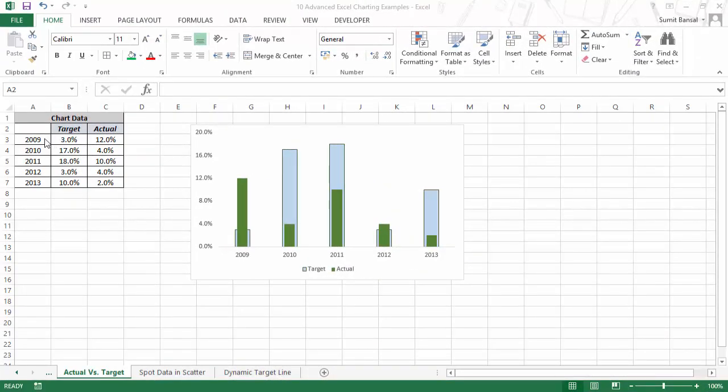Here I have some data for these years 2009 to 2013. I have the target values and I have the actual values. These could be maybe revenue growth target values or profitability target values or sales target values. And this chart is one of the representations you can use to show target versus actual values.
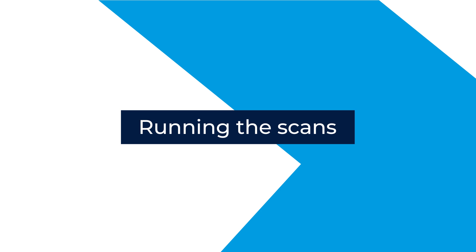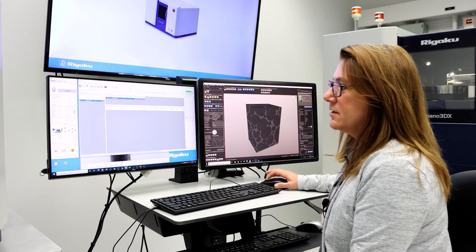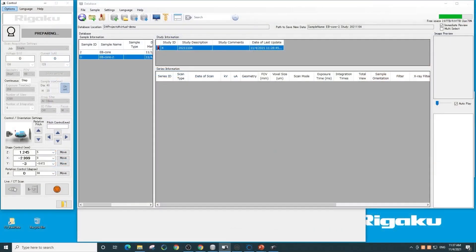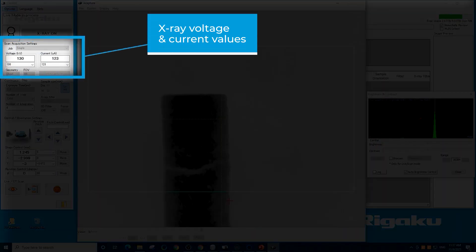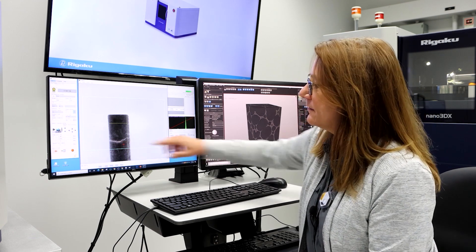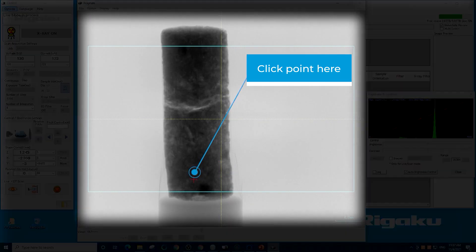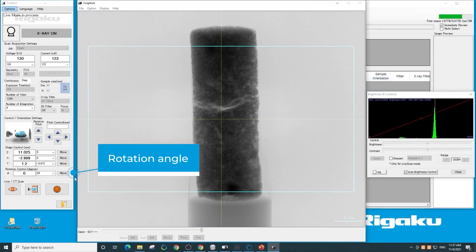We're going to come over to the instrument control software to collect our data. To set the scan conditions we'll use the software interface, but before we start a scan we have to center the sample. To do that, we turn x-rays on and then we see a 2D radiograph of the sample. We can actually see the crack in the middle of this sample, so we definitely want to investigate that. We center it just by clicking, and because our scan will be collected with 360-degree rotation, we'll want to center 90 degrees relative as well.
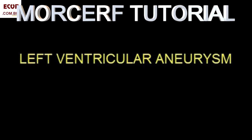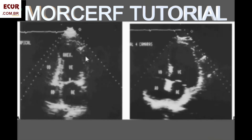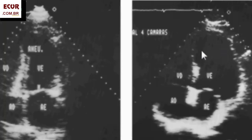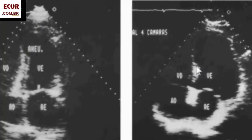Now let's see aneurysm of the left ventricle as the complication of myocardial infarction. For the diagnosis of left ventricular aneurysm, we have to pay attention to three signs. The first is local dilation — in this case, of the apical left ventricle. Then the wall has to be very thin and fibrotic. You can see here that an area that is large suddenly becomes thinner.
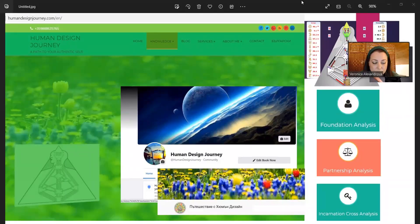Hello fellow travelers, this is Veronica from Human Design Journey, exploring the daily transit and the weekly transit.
------------------------------------
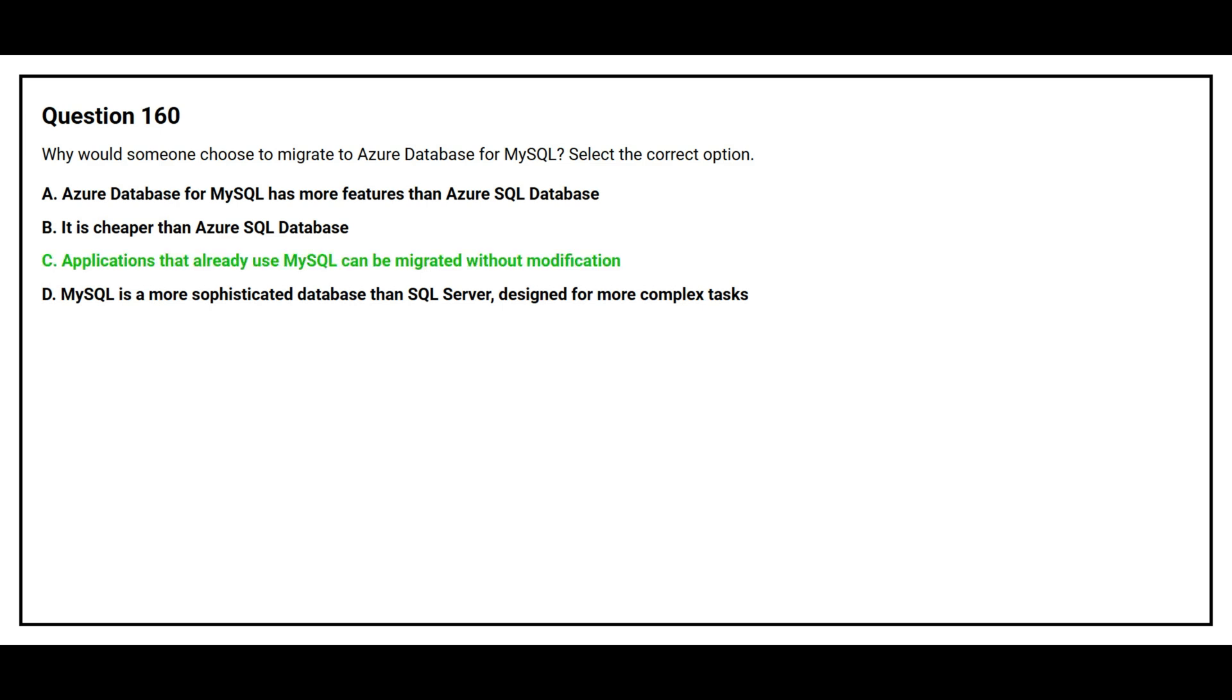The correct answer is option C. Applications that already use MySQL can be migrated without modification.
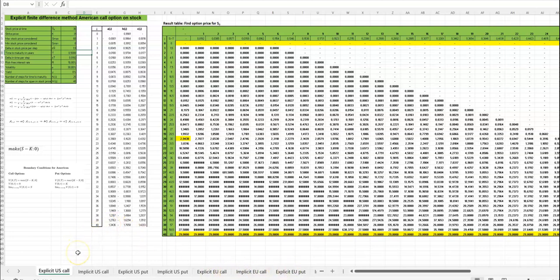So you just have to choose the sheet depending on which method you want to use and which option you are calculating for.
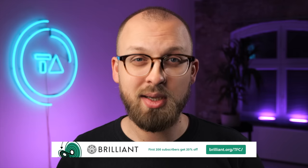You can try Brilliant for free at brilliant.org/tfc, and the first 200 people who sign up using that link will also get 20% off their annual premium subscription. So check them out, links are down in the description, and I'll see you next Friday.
------------------------------------
Look above for the line with "Now let's see" and the line with "Hello fellow travelers, this", then restate exactly those two lines and all lines between them, with no pictures.

Now let's see aneurysm of the left ventricle as the complication of myocardial infarction. For the diagnosis of left ventricular aneurysm, we have to pay attention to three signs. The first is local dilation — in this case, of the apical left ventricle. Then the wall has to be very thin and fibrotic. You can see here that an area that is large suddenly becomes thinner.
Hello fellow travelers, this is Veronica from Human Design Journey, exploring the daily transit and the weekly transit.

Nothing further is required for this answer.